For the budget plan to be adopted a unanimous vote is required. The only way out of the dilemma are therefore negotiations. In acknowledging this importance, the question arises: should the EU negotiate on the condition of compliance with its fundamental values? For a supranational association like the EU, the signal of presenting itself open to negotiate on its very foundations, could be fatal. Hence, caution needs to be exercised in conducting the doubtlessly necessary negotiations with Hungary and Poland.

To put it simply: Hungary and Poland knew what they signed up for when they joined the EU in 2004. The core values set out in Art. 2 TEU have remained unchanged throughout all this time. Thus, their hostile reactions to the new rule of law mechanism, which is designed to strengthen the protection of the EU’s values, are, to some extent, astonishing. From a broader perspective, the general idea that states violating the very fundamental values of the organisation they are a member of should enjoy the privilege of receiving funds for breaching a core provision appears extraordinary.

While critical arguments concerning the more existential effects on financial sanctions concerning already economically fragile states could be raised, the already mentioned fact that the values of Art. 2 have remained the same, speaks in favour of the new rule of law mechanism. Against this background, it is hard to understand, why it should be too much to ask even the economically weaker member states to fulfil their obligations to respect the core values set out in the provision. Their capacity to do so has been subject to analysis prior to their accession.

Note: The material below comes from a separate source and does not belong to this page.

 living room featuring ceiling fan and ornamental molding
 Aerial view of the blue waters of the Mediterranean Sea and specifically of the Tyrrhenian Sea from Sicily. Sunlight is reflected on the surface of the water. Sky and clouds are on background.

Also, a potential argument that the new rule of law mechanism might represent a new tool for the net contributors to expand their influence within the EU system does not stand up to scrutiny. The principle of solidarity among Member States is among the core values on which the EU is founded (Art. 3 TEU). Moreover, the proposal addresses these concerns by emphasising the principle of proportionality in applying the new mechanism: paragraph (14a) explicitly sets out that “the legitimate interests of final recipients and beneficiaries” should be “properly safeguarded when measures are adopted in the event of breaches”. It continues to describe in detail, how the Commission could be involved to ensure that any measures taken under the new mechanism will not be abused to the detriment of the respective state. Furthermore, the proposal explicitly states that the new mechanism is considered subsidiary to other, already existing procedures applicable for the protection of the EU’s financial interests, and the identification of breaches of the rule of law to trigger the mechanism requires a thorough qualitative assessment, including objective, impartial and fair reports by various organs, institutions and international organisations.

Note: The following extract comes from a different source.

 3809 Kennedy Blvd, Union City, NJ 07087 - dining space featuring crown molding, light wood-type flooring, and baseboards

The new mechanism reflects a development familiar to most democratic systems: they developed mechanisms to protect the very order they establish. Given that Art. 7 TEU has almost never been applied, because depriving a Member State of its voting rights was considered the “nuclear option”, the link to financial measures offers a real alternative, increasing the new mechanism’s applicability. As a result, the new rule of law mechanism envisioned in the budget plan is nothing but the next logical step to equip the original mechanism with teeth, and to fortify the democratic order established through the treaties.

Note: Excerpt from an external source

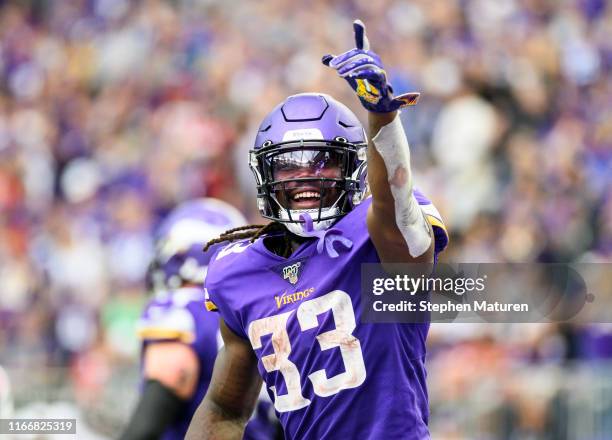 Dalvin Cook of the Minnesota Vikings points to the crowd after scoring a touchdown in the third quarter of the game against the Atlanta Falcons at...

Summarising, the tenor is this: Looking at the situation from the outside raises the question, who is blackmailing who, and can one even speak of blackmailing regarding compliance with the law, given that Hungary spoke of “ideological blackmailing”. It is readily accepted, that financial aids paid out to private persons are conditional upon the receivers’ compliance with conditions set out by the state. So why should different rules apply to states that decided to commit themselves to a particular legal order?

This crisis offers the EU an opportunity to recommit itself to its very nature and purposes. The EU is no mere financial aid organisation, but a supranational association of a sui generis nature, which was established out of the ashes of a horrible war, and this organisation is based on a certain code of conduct. That code of conduct is set out in the treaty, which both countries ratified.